Finally, CCH does not dispute that it failed to comply with the Permit limits for most of the time period in question. CCH states only that the daily sampling shows that between November 15, 2006, and March 31, 2007, it met the daily maximum limit for enterococcus on 112 days.

Accordingly, excluding the days that CCH met the Permit limits for enterococcus, as agreed to by Plaintiffs, the sum total of violations of the Permit's enterococcus limit is 1,603 for the time period of July 31, 2002, through March 31, 2007. This number is derived by counting the number of days in each month for which the monthly average limit was violated, pursuant to this Court's previous order. (Reconsideration Order at 11) (holding that "a violation of a monthly average will be counted as a violation of every day of the month."). Thus, this Court GRANTS Plaintiffs' motion with respect to the number of enterococcus limits.

b. Chlordane and Dieldrin

In an errata to their opposition filed October 2, 2007, after Plaintiffs filed their reply brief, CCH states that Plaintiffs have not alleged violations of the dieldrin and chlordane average annual limits in their Complaint, and therefore, until they amend the Complaint, their summary judgment motion on these alleged violations is premature. CCH is incorrect. Plaintiffs' Second Amended Complaint discusses chlordane and dieldrin, and that the Permit includes annual limitations. (Compl. ¶¶ 41-44, 89-91.) Under the notice pleading standard of Rule 8, this is sufficient to provide CCH with notice that Plaintiffs would be bringing claims for violations of the annual limits.

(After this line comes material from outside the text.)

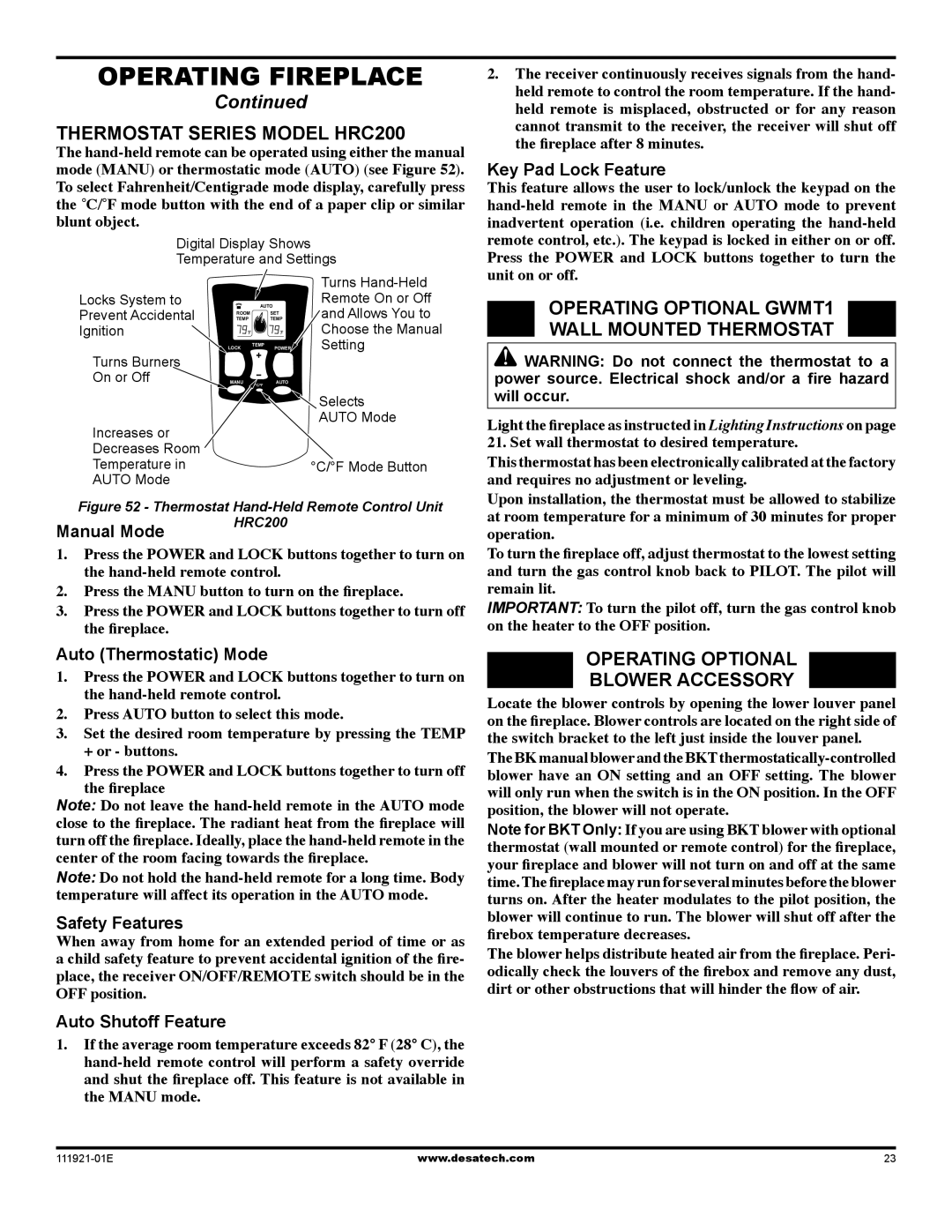 Desa (V)K42P installation manual Thermostat Series Model HRC200, Operating optional GWMT1 Wall Mounted Thermostat 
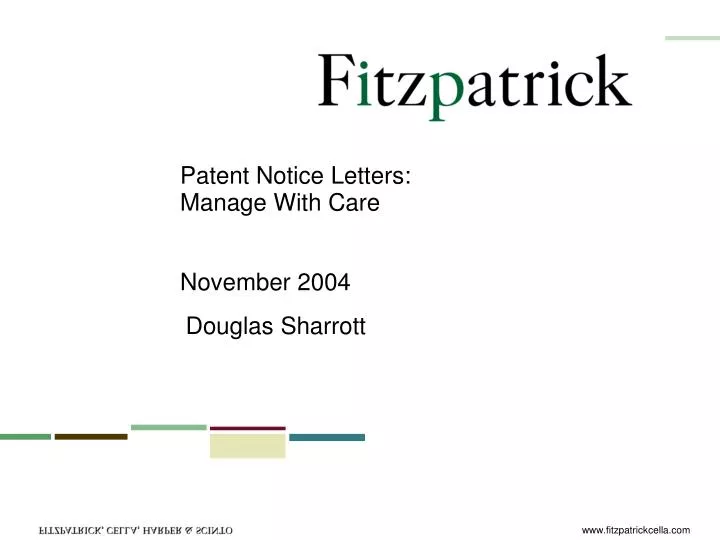 patent notice letters manage with care november 2004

Plaintiffs seek a finding that CCH violated the Permit limitations for annual mass and concentration for chlordane from May 30, 1999 through March 31, 2007, for a total of 5,726 violations. Plaintiffs seek a finding that CCH violated the Permit limitations for annual mass and concentration for dieldrin from May 30, 1999 through March 31, 2007, for a total of 5,726 violations. These numbers represent the number of violations for the annual mass plus that same number for violations of concentration, based on the number of days in the period. In addition, Plaintiffs seek a finding that CCH violated its daily maximum mass limits for dieldrin on 62 days and its concentration limits for dieldrin on 31 days.

CCH asserts that there is new testing technology for chlordane and dieldrin that is more sensitive than the testing method actually used and that this new technology shows that the actual levels of chlordane and dieldrin are significantly lower than results based on the old methods. This argument is irrelevant. First, CCH admits that it no longer has the water samples that it tested years ago, when it reported the exceedances and thus, there is no way to retest those samples. Second, CCH submitted Discharge Monitoring Reports reporting these exceedances under penalty of perjury. As set forth above, this is conclusive evidence of an exceedance of a permit limitation and "the permittee may not impeach its own reports by showing sampling error." Sierra Club, 813 F.2d at 1492.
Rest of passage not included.